[Given information Boundary: Start]

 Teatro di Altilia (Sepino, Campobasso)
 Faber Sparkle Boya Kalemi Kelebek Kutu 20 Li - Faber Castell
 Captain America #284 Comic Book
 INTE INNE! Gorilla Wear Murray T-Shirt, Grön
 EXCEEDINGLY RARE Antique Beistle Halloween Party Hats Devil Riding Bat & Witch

[Given information Boundary: End]
[Given information Boundary: Start]

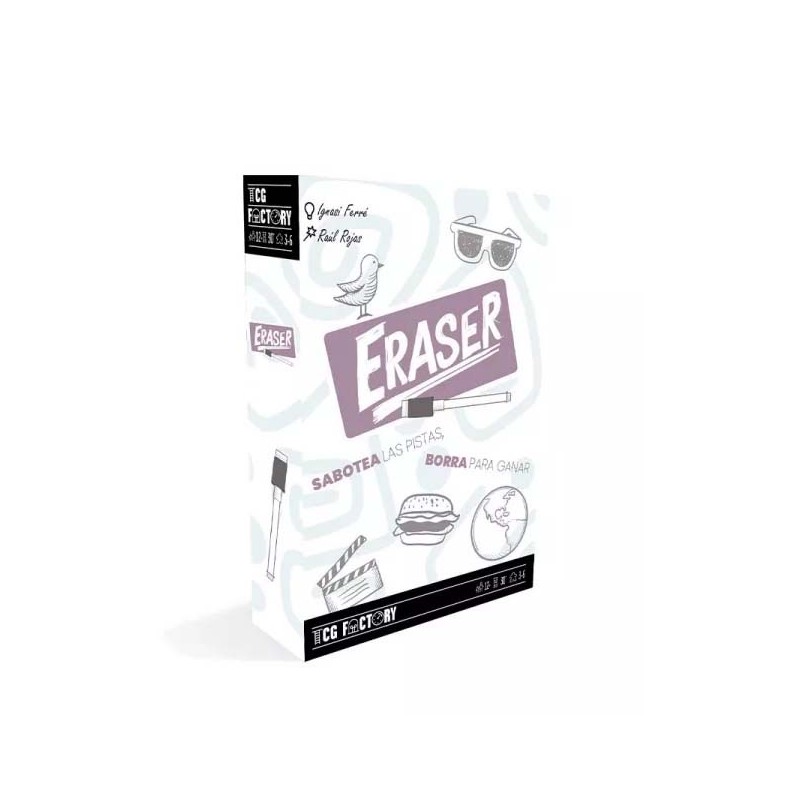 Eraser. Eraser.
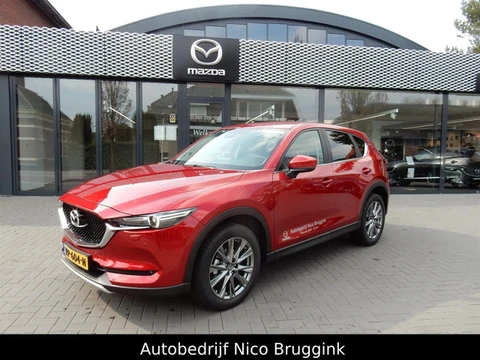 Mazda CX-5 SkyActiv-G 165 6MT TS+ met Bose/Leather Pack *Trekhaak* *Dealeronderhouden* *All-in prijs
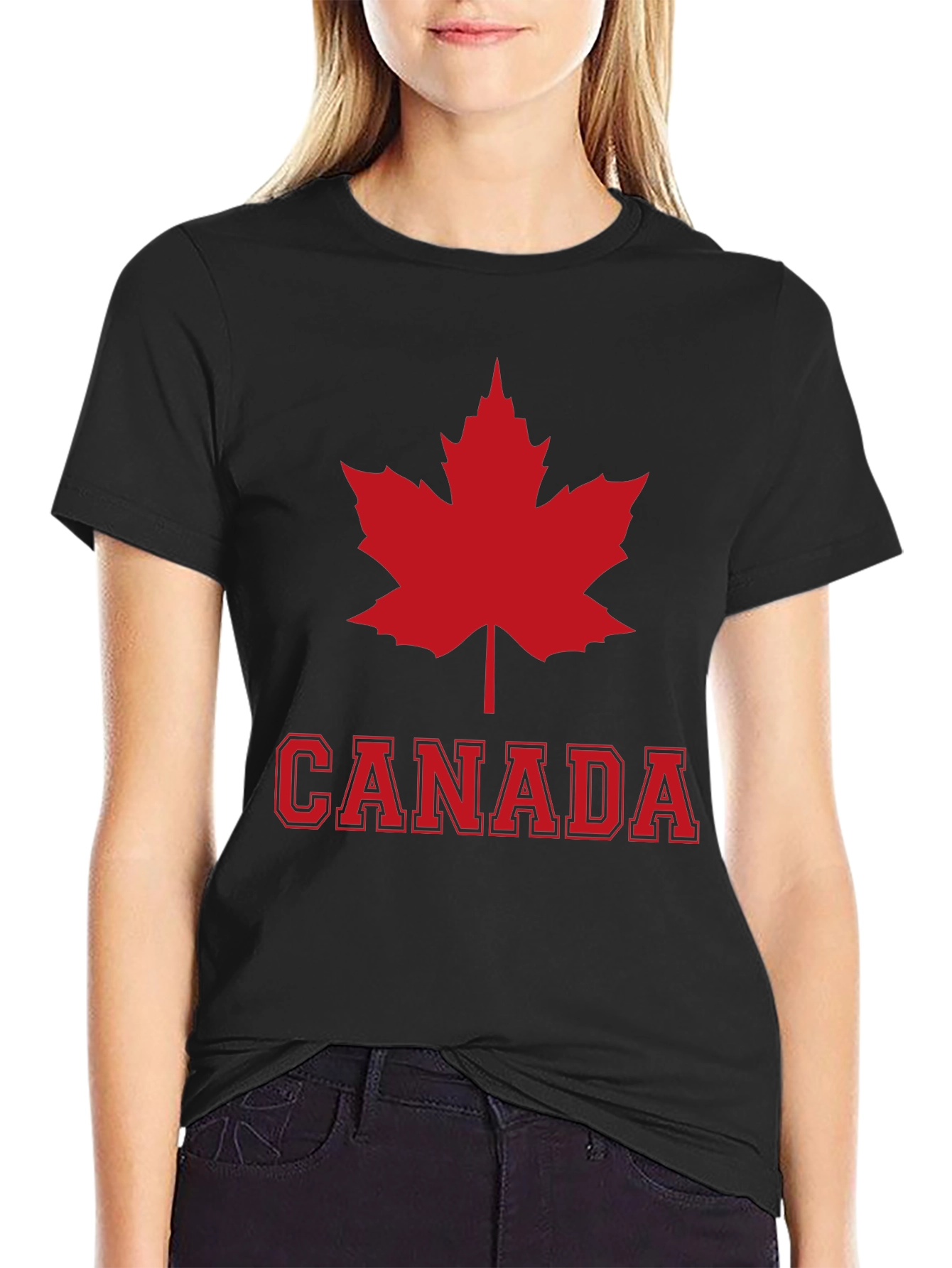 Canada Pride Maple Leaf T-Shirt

[Given information Boundary: End]
[Given information Boundary: Start]

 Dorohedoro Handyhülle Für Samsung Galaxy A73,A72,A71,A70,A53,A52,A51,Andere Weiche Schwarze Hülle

[Given information Boundary: End]

What the exercise asks: In the listing above, find the line containing "Mazda CX-5 SkyActiv-G" and the line containing "Canada Pride Maple Leaf T-Shirt", then return both of them and every line between, exactly, without pictures.

Exercise solution:
 Mazda CX-5 SkyActiv-G 165 6MT TS+ met Bose/Leather Pack *Trekhaak* *Dealeronderhouden* *All-in prijs
 Canada Pride Maple Leaf T-Shirt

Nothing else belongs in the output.